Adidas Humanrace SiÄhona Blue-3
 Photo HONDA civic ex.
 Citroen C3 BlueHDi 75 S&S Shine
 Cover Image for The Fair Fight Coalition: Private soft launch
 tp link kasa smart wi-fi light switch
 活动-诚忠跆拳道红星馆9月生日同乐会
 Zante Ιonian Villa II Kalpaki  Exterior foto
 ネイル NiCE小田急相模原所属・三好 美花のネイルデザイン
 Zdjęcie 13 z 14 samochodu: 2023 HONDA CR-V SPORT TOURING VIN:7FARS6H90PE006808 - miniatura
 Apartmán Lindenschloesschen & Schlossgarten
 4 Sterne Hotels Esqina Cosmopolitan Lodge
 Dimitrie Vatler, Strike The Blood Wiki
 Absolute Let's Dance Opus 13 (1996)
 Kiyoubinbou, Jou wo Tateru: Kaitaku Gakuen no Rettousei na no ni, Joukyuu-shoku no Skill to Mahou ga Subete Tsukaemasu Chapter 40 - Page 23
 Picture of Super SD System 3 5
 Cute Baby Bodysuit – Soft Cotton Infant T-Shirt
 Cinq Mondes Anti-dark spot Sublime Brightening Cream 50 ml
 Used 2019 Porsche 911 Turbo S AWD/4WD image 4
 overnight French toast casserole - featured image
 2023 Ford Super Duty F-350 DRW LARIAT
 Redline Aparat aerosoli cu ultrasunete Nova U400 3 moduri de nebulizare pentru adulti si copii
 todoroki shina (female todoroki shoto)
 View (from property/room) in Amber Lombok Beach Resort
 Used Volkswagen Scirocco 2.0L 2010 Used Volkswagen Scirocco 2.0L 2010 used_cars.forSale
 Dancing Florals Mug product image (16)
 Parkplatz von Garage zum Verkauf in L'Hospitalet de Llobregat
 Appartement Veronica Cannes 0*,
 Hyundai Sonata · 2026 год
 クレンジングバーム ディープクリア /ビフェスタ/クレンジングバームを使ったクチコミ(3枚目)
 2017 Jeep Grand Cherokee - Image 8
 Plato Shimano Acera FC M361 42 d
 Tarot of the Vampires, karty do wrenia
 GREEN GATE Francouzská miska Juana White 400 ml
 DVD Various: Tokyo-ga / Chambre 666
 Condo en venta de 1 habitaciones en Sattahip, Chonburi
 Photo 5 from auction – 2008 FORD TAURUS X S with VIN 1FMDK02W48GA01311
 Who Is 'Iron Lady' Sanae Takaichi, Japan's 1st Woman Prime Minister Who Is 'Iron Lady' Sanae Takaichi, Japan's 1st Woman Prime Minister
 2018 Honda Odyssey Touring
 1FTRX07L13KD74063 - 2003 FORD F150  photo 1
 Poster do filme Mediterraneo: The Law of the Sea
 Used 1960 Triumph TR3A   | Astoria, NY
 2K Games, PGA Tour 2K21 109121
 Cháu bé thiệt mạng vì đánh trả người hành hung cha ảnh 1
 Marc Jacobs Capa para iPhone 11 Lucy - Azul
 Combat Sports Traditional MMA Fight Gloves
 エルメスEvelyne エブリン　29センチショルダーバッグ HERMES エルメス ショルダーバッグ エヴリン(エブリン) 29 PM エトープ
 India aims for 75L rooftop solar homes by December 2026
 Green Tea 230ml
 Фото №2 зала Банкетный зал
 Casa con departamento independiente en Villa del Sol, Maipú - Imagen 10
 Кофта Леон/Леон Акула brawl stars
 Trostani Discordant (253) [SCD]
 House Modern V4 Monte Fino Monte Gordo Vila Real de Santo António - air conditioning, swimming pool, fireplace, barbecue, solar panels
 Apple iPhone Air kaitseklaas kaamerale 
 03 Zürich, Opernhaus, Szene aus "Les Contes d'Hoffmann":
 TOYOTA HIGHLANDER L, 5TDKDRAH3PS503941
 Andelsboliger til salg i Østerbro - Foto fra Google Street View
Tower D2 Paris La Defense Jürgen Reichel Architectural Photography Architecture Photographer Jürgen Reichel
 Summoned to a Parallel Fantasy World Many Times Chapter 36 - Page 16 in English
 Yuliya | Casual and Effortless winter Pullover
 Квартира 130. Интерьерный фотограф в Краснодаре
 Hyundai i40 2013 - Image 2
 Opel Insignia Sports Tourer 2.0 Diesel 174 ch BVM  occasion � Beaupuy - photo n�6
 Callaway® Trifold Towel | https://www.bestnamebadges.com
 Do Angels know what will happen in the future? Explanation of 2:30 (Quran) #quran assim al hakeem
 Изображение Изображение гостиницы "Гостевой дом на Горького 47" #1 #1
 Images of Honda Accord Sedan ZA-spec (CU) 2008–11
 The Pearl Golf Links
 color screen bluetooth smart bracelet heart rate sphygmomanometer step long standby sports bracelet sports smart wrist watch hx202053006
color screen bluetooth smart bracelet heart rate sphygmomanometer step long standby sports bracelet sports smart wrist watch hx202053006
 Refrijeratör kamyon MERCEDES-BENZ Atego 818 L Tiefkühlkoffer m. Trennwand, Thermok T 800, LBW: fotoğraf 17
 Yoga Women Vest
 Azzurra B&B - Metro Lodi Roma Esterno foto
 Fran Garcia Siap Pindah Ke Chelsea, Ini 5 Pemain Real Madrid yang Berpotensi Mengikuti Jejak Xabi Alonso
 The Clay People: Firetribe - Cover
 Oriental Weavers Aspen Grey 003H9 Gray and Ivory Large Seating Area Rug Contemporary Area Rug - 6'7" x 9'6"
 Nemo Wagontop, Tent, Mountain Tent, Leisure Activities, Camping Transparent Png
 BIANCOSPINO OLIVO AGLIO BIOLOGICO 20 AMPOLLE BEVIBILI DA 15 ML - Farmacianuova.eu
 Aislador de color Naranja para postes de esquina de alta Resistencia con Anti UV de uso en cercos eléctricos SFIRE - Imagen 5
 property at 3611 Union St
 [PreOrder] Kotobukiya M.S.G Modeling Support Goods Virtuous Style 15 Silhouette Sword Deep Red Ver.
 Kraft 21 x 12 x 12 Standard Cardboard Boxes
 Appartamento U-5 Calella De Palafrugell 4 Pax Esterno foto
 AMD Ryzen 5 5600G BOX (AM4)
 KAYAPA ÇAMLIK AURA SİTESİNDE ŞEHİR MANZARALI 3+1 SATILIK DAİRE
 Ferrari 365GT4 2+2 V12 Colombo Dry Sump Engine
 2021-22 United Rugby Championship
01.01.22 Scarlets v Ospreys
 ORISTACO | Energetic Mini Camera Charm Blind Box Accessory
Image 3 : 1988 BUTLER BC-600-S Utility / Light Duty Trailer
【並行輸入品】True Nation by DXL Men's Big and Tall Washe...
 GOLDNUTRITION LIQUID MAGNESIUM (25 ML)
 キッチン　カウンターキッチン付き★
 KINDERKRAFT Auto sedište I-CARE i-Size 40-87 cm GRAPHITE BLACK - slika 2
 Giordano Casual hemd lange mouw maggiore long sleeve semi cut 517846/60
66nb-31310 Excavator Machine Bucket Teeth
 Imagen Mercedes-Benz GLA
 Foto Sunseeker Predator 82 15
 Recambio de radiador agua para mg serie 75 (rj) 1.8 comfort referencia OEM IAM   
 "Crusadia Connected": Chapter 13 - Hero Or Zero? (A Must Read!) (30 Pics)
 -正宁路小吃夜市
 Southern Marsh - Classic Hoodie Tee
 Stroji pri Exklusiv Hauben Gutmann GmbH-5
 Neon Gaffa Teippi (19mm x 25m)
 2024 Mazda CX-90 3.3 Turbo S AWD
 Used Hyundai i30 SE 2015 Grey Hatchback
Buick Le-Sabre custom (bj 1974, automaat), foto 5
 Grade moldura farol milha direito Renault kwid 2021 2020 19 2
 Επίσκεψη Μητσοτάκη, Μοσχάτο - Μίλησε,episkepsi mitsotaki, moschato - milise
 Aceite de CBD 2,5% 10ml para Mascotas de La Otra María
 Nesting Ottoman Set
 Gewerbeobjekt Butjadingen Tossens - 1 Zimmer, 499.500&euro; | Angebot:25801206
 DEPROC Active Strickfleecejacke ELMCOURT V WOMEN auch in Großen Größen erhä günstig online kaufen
###
Lines are to be repeated exactly from the one that contains "Grade moldura farol" through the last line of the listing, with both ends kept and no others added.

Written answer:
 Grade moldura farol milha direito Renault kwid 2021 2020 19 2
 Επίσκεψη Μητσοτάκη, Μοσχάτο - Μίλησε,episkepsi mitsotaki, moschato - milise
 Aceite de CBD 2,5% 10ml para Mascotas de La Otra María
 Nesting Ottoman Set
 Gewerbeobjekt Butjadingen Tossens - 1 Zimmer, 499.500&euro; | Angebot:25801206
 DEPROC Active Strickfleecejacke ELMCOURT V WOMEN auch in Großen Größen erhä günstig online kaufen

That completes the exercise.